Perdido entre a multidão que encarava o imóvel homem dourado – “calma, querida, uma hora ele vai acabar mexendo” – um gordinho suado arrasta o pai impaciente. Lucinaldo sonhava com o almoço, o medo desconhecido de viajar de avião, a rapadura que nunca mais comeu, o número treze, mas nunca com o falatório que o cercava. Somente o estalo da moeda em sua latinha era capaz de trazê-lo à realidade. “Merda, mais uma de 10 centavos”, pensou exigente.
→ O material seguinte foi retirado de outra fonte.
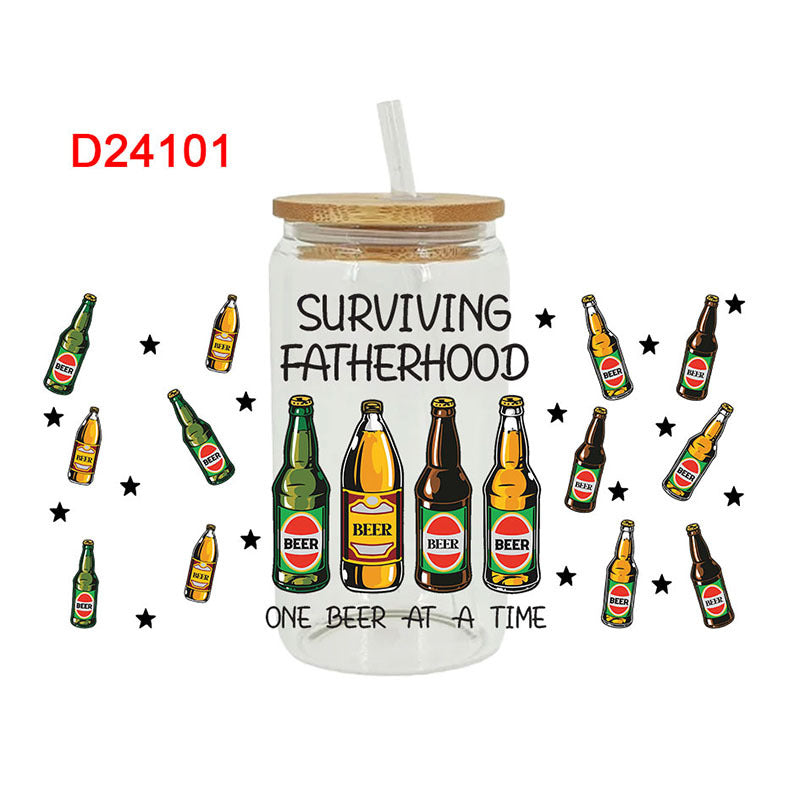 Wholesale Ice cream and french fries beverage 16oz Cup UV DTF Wraps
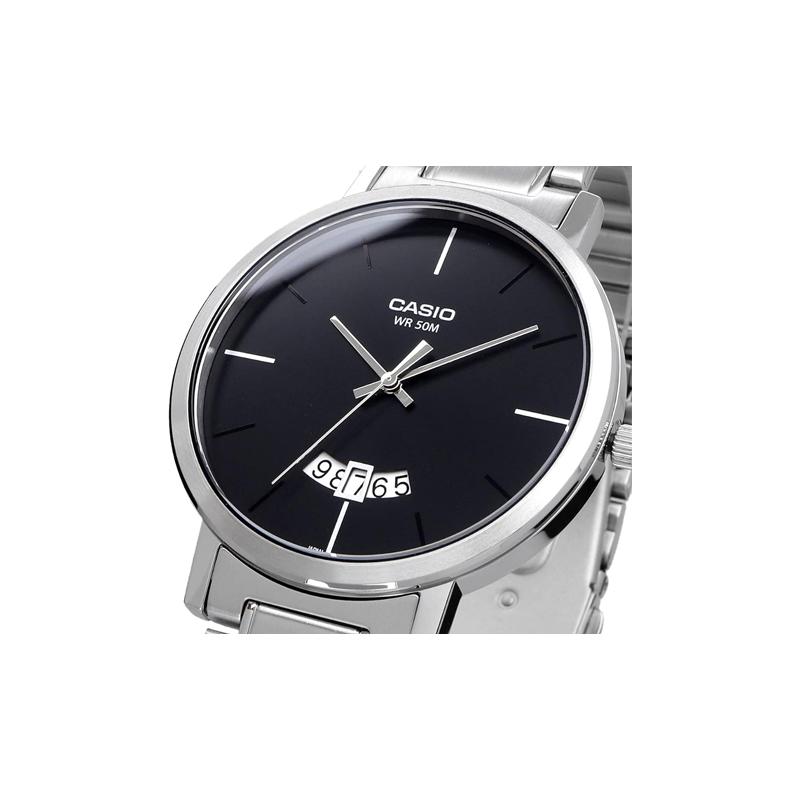 Casio STANDARD Series Pointer Display Casual Calendar Watch Quartz Movement Stainless Steel Strap Japanese and Korean Watch Men's Watch MTP-B100D-1EV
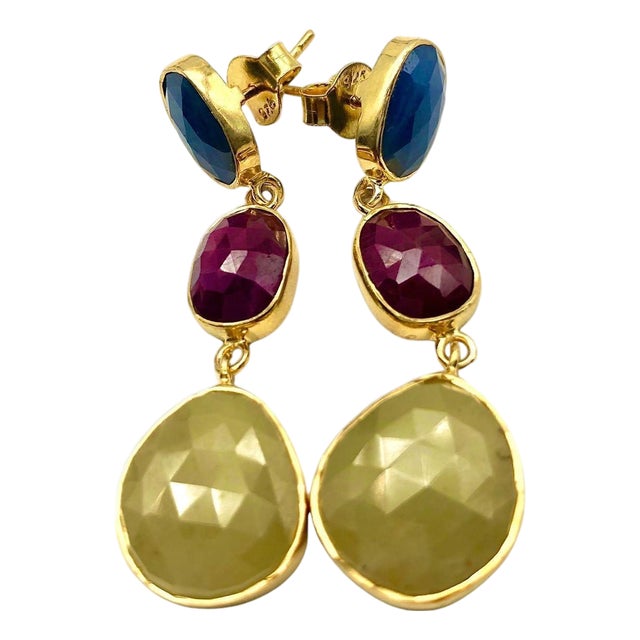 Bochic "Capri" Ruby & Multi Rough Cut Sapphire Earrings Set In 18K Gold & Silver For Sale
Antes que obedecesse ao ritual, percebeu o sorriso sarcástico da gordurosa criança, como se esperasse o prêmio que nunca recebeu em competições esportivas da escola. Segundos após notar o homem que apoiava os braços no ombro do filho empolgado, Lucinaldo sentiu os músculos comprimirem. O sangue parecia congelado e a respiração alterou seu funcionamento. A dor aguda atravessava suas coxas, forçando-o a esmagar os dentes. Um Lucinaldo petrificado sentiu a aproximação da raiva cuspida do pai. “Por que ele não mexe?”, perguntava quem assistia. O gordinho estourou um choro abobado, enquanto exigia o movimento a que tinha direito. “Ué, querida! Ele pagou pelo serviço”, comentava um advogado, eterno repetente no exame da Ordem dos Advogados, em defesa do menino. Lucinaldo não conseguia parar de pensar no número treze e no ronco masculino da mulher. Os punhos do pai herói o ameaçavam. Sentia uma vontade absurda de urinar. “Que zona é essa aqui, porra?”, gritavam dois policiais de aparência corrupta. “Preciso muito mijar”, pensava a estátua viva. Alguns manos batiam os skates no chão, provocando a tensão da multidão. Cachorros arfavam excitados. A última lágrima do pirralho misturou-se ao chão imundo. De repente, todos congelaram suas posições.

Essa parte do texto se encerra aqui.